PROBLEM TO SOLVE: The records that follow must be repeated exactly, minus the images.

-- AVAILABLE DATA follows --

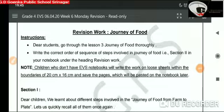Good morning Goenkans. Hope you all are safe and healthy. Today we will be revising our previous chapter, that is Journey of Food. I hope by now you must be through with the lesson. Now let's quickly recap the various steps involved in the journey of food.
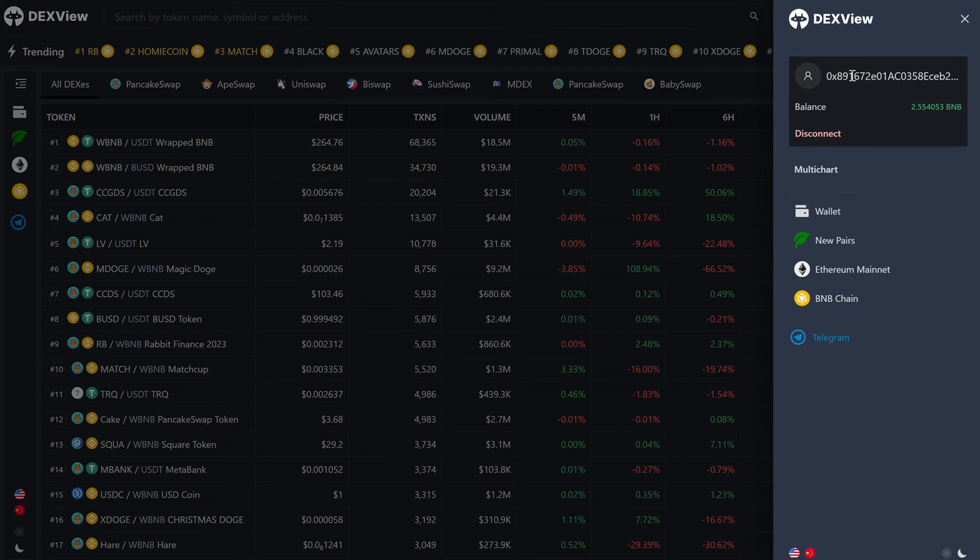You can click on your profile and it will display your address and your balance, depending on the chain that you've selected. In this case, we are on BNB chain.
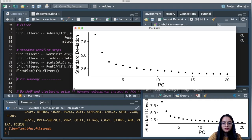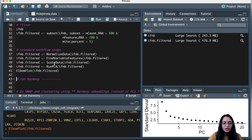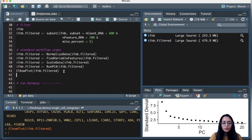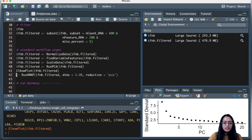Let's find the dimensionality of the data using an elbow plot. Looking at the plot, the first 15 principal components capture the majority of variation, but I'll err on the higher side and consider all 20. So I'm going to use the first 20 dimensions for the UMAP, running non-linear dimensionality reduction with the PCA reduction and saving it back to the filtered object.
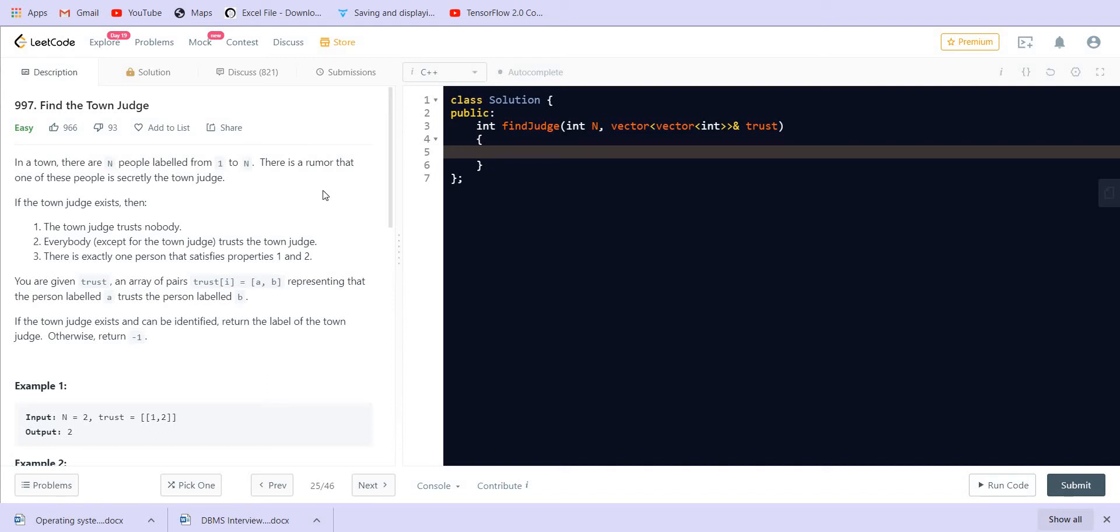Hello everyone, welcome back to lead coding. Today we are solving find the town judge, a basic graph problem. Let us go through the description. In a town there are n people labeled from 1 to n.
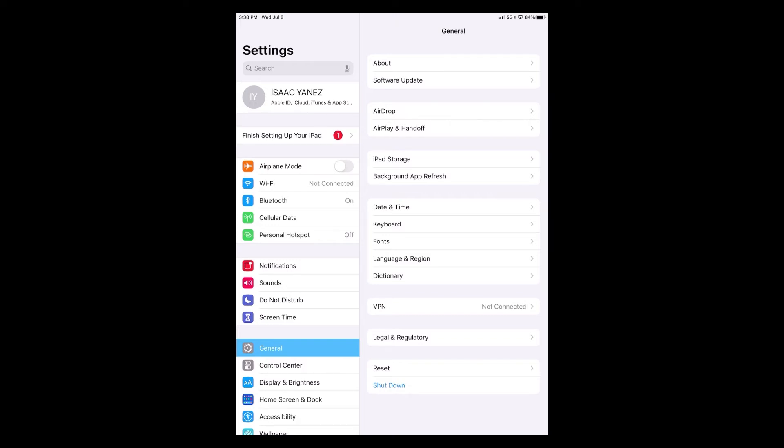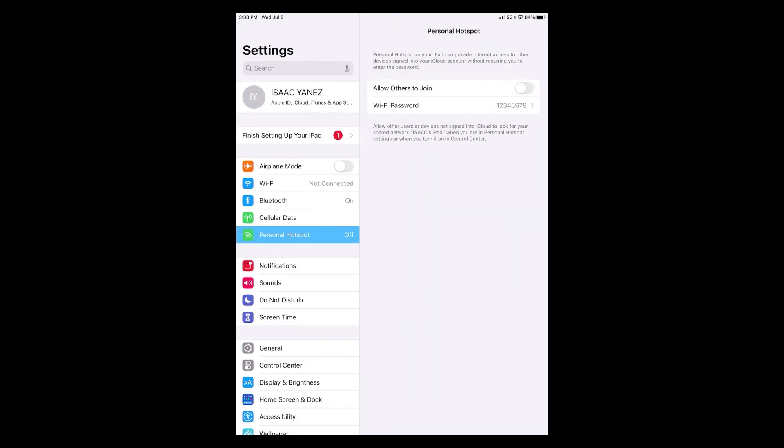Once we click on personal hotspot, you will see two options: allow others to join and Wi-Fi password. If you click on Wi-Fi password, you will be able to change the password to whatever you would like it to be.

-- AVAILABLE DATA concluded --

RESPONSE FOR THIS EXERCISE:
Good morning Goenkans. Hope you all are safe and healthy. Today we will be revising our previous chapter, that is Journey of Food. I hope by now you must be through with the lesson. Now let's quickly recap the various steps involved in the journey of food.
You can click on your profile and it will display your address and your balance, depending on the chain that you've selected. In this case, we are on BNB chain.
Let's find the dimensionality of the data using an elbow plot. Looking at the plot, the first 15 principal components capture the majority of variation, but I'll err on the higher side and consider all 20. So I'm going to use the first 20 dimensions for the UMAP, running non-linear dimensionality reduction with the PCA reduction and saving it back to the filtered object.
Hello everyone, welcome back to lead coding. Today we are solving find the town judge, a basic graph problem. Let us go through the description. In a town there are n people labeled from 1 to n.
Once we click on personal hotspot, you will see two options: allow others to join and Wi-Fi password. If you click on Wi-Fi password, you will be able to change the password to whatever you would like it to be.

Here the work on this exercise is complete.